Are small-time scofflaws off the hook? Port Angeles to stop taking minor felony cases referred from county

By Jeremy Schwartz
Peninsula Daily News

PORT ANGELES — As of next Tuesday, the City Attorney’s Office will no longer accept minor felony criminal cases, such as some property crimes and drug cases, that are referred from the Clallam County Prosecuting Attorney’s Office, the city’s chief financial officer said this week.

Mark Nichols, chief deputy Clallam County prosecuting attorney, said Wednesday that Port Angeles declining to hear a case could potentially result in it not being prosecuted, though that would ultimately be up to the city.

“The practical effect is that there may not be a prosecution as to certain offenders,” Nichols said.

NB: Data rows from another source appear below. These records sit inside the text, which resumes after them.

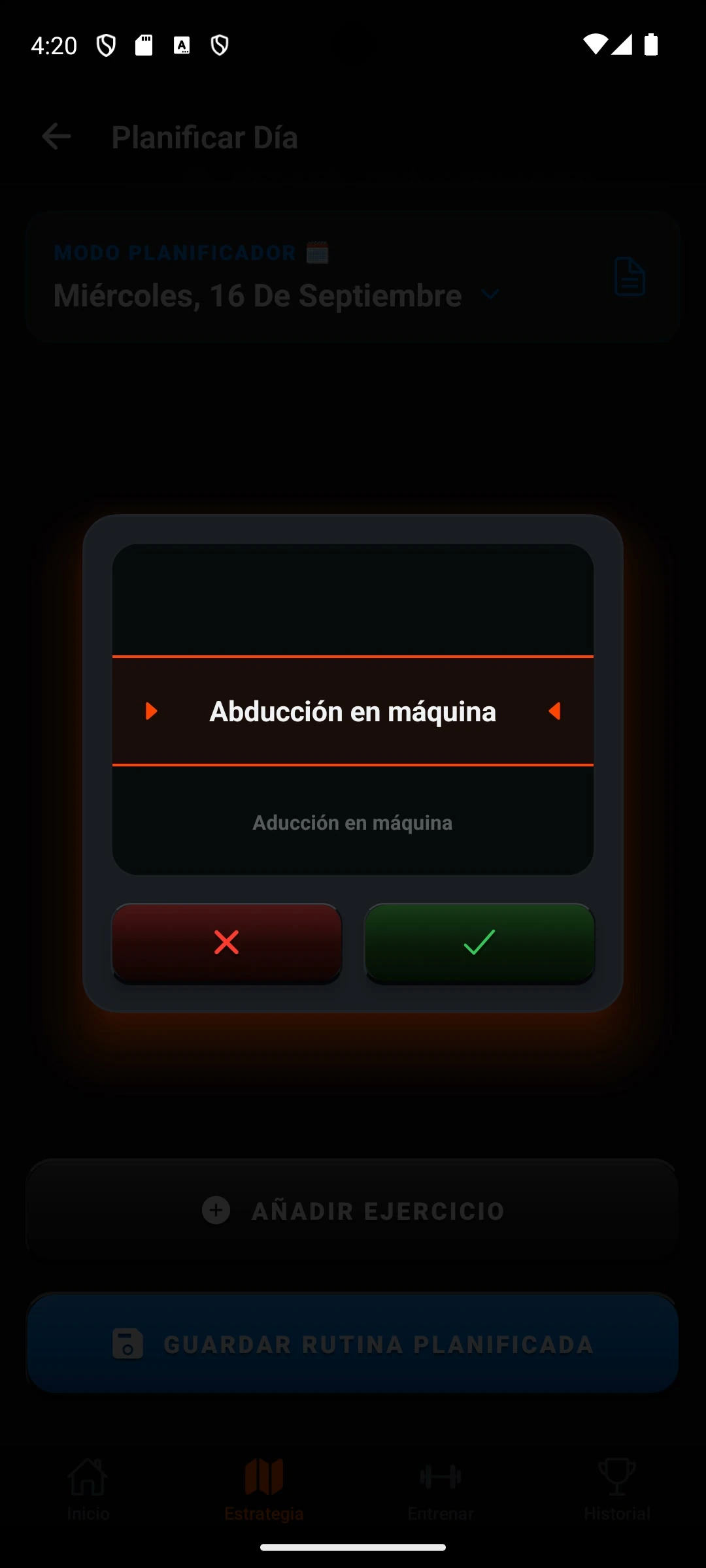 Pantalla Planificar Día atenuada detrás de un selector contextual de ejercicios, con Abducción en máquina como opción central y botones de cancelar y confirmar.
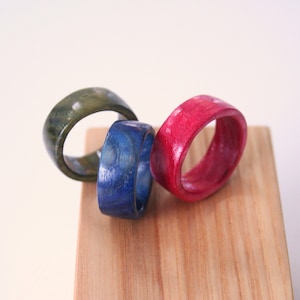 Natural wooden color ring. Unique Wooden Ring Band. Unique wood jewelry gift. image 4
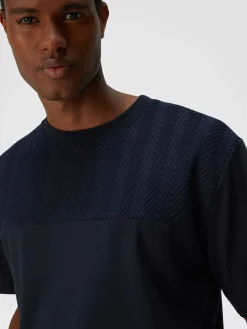 T-shirt in jersey di cotone con inserto zig zag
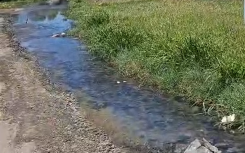 Sewerage flowing down the road in Matjhabeng.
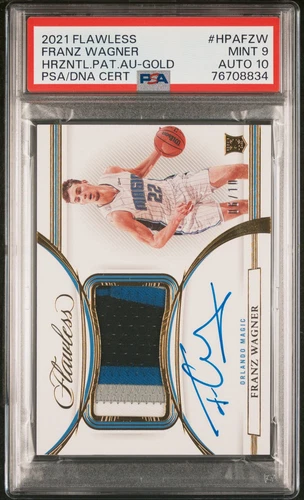 2021 PANINI FLAWLESS HOR PATCH AUTOS GOLD FRANZ WAGNER 6/10 PSA 9 AUTO 10
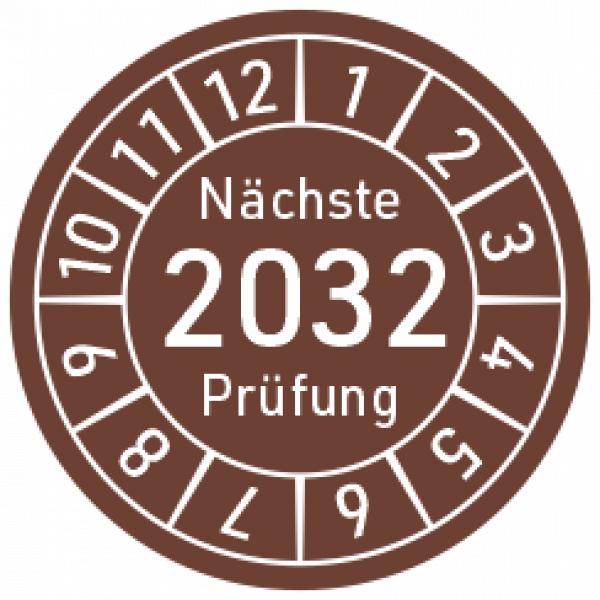 Prüfplaketten 2032 braun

Byron Olson told City Council members during a budget work session that “felony diversions” — low-level felony cases within the city limit that the county prosecutor’s office turns over to the city attorney to be handled as misdemeanors — are one of the main reasons the city’s criminal justice costs have increased by more than $200,000 since 2010.

City Manager Dan McKeen has said in past budget workshops that the city’s general fund can no longer support rising criminal justice costs.

Those costs, which include district court administrative costs and money to pay for public defenders, rose 21.6 percent from about $837,000 in 2011 to roughly $1.02 million last year.

Nichols said city officials have met about these concerns with the Prosecuting Attorney’s Office, which is itself dealing with shrinking resources.

“The county can identify with the dilemma facing the city,” Nichols said.

Nichols said the city does have the ability to decline to hear diverted cases, just as the county can send them to the city in the first place.

Staff in the City Attorney’s Office started tracking how many criminal cases had been deferred from the county in the latter part of 2011, City Attorney Bill Bloor has said.

During that time, 59 cases were deferred as misdemeanors and thereby made the city’s responsibility, Bloor said.

The city handled 930 total criminal cases in 2011, according to figures from the Attorney’s Office.

In 2012, Bloor said the city handled 128 deferred cases, or 15 percent of the total 838 criminal cases it worked through that year.

Figures for 2013 were not immediately available.